In short, I don't think Matrix will "mature" since it's problems are deeper than just technical/implementation. XMPP already is mature and there are good clients and servers for nearly every platform.

IMO: The only reason Matrix is more popular than XMPP right now is just PR.


Amdocs hasn't funded Matrix since 2017

https://en.m.wikipedia.org/wiki/Matrix_(protocol)#History


What are those nasty issues?

I also prefer irc, but been waiting for Matrix to mature so good to know where they are at.


Matrix has really interesting properties for censorship circumvention, but their approach has drawbacks: designing an append-only log with consensus building takes a lot of resources (though the implementations are getting better). It's not uncommon for medium server operators to report >10GB RAM usage and at least twice as much database storage... which is quite too much for most of us.

Also worth noting, there are also issues regarding the fast evolving protocol. Room protocol versions keep increasing and if some server doesn't have the very latest version it may be unable to federate with a more modern room, from what i understand. (please correct me if i got this wrong)

Finally, some pseudonymous persons are really unhappy that as a consequence of decentralized rooms, your public matrix address is leaked to any server federated with a room you joined. Under IRC, addresses are local to a server (not federated) so this concern does not apply, while on XMPP only the servers/services you explicitly connect to know of your JID.

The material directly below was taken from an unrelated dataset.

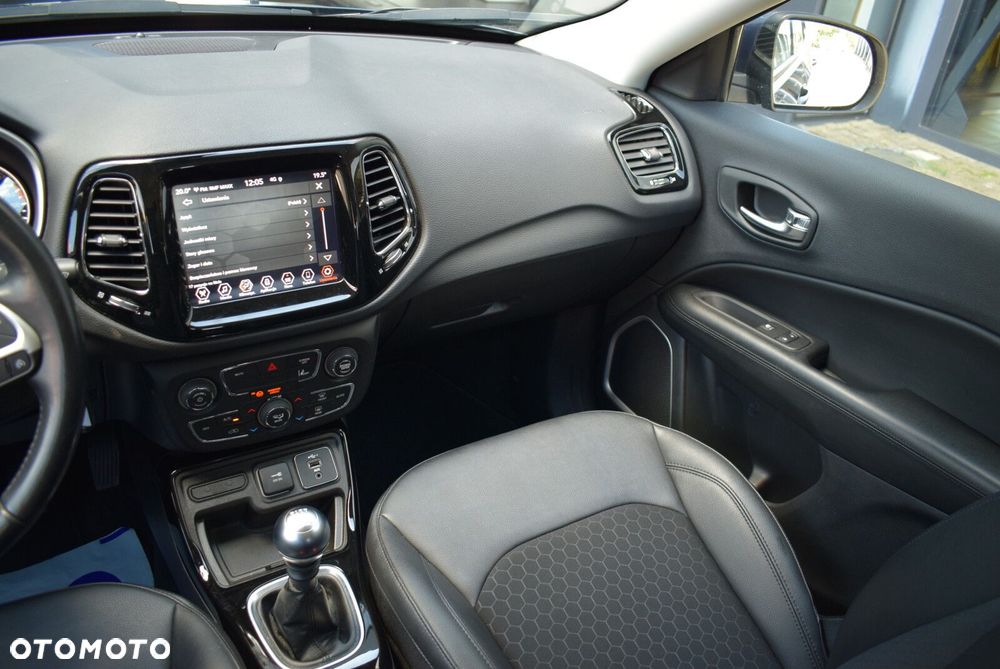 Jeep Compass 1.3 TMair Night Eagle FWD S&S - 15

In the meantime, IRC and XMPP provide useful services with 1-10% of those resources, despite most clients being less polished. For example, jabberfr.org uses only a few gigs of RAM for hundreds of clients and over a thousand of server-to-server connections. Not all features may be available on all clients/servers, but "graceful degradation" is definitely there so noone is left out.

To be clear, decentralized room is an amazing concept, and it's really cool the Matrix team has full-time employees to evolve things that quickly. It's just too bad historical standards were left out (decentralized rooms could have been a XMPP extension), and Matrix focuses (though this focus is changing) on high-end clients/servers.


Conduit is lightweight. I'm running it on a tiny VPS. Its main problem at the moment is unreliable Android notifications.

https://conduit.rs/


How is the compatibility with federation and clients? Any issues? Last synapse upgrade half of my clients just stopped working due to some incompatibility between the newer synapse server and a too old shared library (that all the desktop clients used).


I've used web, android and desktop clients without problems, other than the android notifications. I'm using it as a private chat server; I haven't tried out federation since I was setting it up. I can't see an issue on the bug tracker though.


Conduit v0.4.0 was just released and should fix notification problems, see https://conduit.rs/changelog


Does it support gateways properly? I'm still interested to give it a try but last time i checked Bifrost was not compatible with conduit.

Also, how's your database RAM/disk usage? From what i understand conduit.rs is very optimized but still relies on a huge DB for matrix to operate its magic.


> XMPP already is mature and there are good clients and servers for nearly every platform

Bold interpretation of the word 'good' regarding the clients.


What good XMPP clients that non techs feel comfortable with?

I'd just put Mattermost and be done with chat problems.


XMPP is a nonstarter -- there is no decent free iOS client, unless there's something new that has appeared in the last few months with a lot of features


snikket is the best there is that I have ever found.


Monal is also getting better. They recently released a version with OMEMO for group chats.


What good is a chat platform without mobile notifications?

I don't see how people need to stick with a legacy protocol when there are so many working alternatives.


Some people prefer to chat on desktop and don't really like the mobile-derived UI and prefer a text-heavy dense layout. Throw in lightweight resource usage as a requirement and suddenly there are not that many working alternatives anymore.